* _INSTRUCTIONS TO FOLLOW_
A verbatim copy of all the data is required, minus any images.

Dataset entries
= = = = = = =
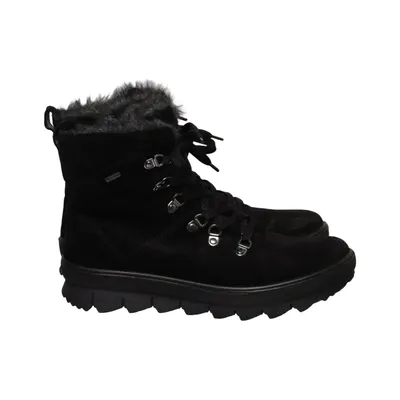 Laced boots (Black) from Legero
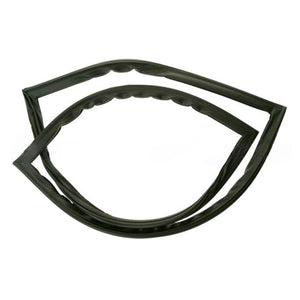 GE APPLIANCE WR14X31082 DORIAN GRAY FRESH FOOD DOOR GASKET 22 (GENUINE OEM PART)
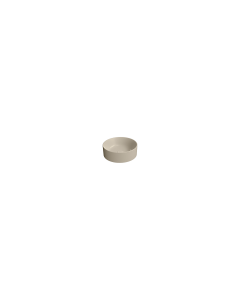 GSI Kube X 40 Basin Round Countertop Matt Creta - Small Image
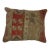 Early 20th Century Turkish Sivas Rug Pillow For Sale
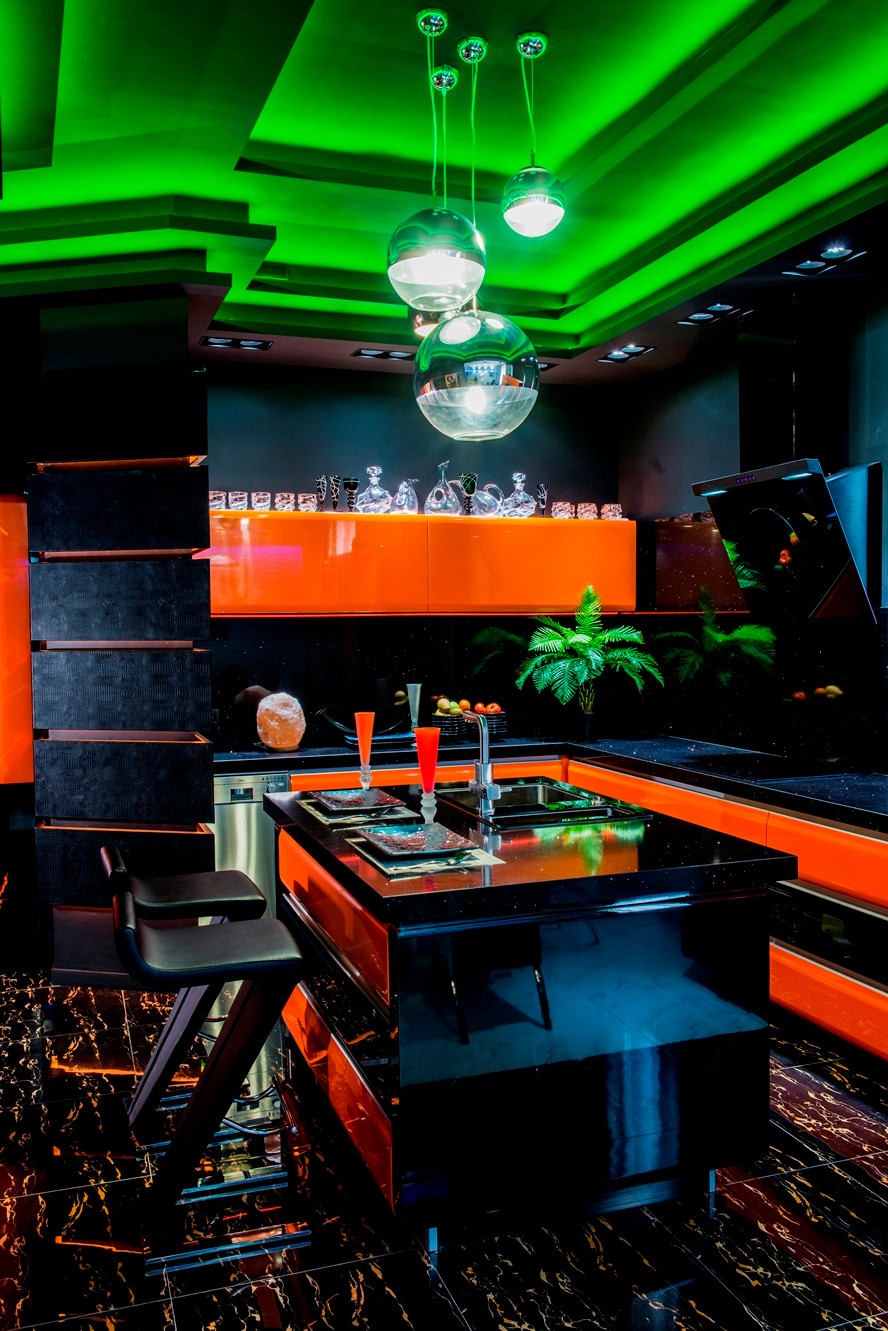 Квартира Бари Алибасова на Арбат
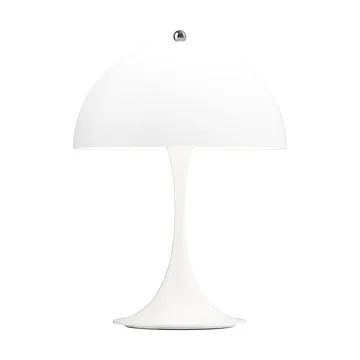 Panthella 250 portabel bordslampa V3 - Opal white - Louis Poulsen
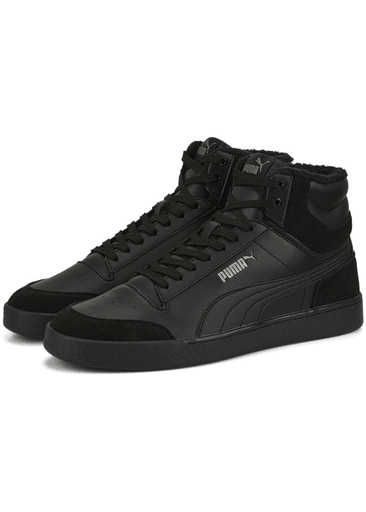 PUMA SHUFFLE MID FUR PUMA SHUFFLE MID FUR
= = = = = = =
* _TASK RESPONSE_
 Laced boots (Black) from Legero
 GE APPLIANCE WR14X31082 DORIAN GRAY FRESH FOOD DOOR GASKET 22 (GENUINE OEM PART)
 GSI Kube X 40 Basin Round Countertop Matt Creta - Small Image
 Early 20th Century Turkish Sivas Rug Pillow For Sale
 Квартира Бари Алибасова на Арбат
 Panthella 250 portabel bordslampa V3 - Opal white - Louis Poulsen
 PUMA SHUFFLE MID FUR PUMA SHUFFLE MID FUR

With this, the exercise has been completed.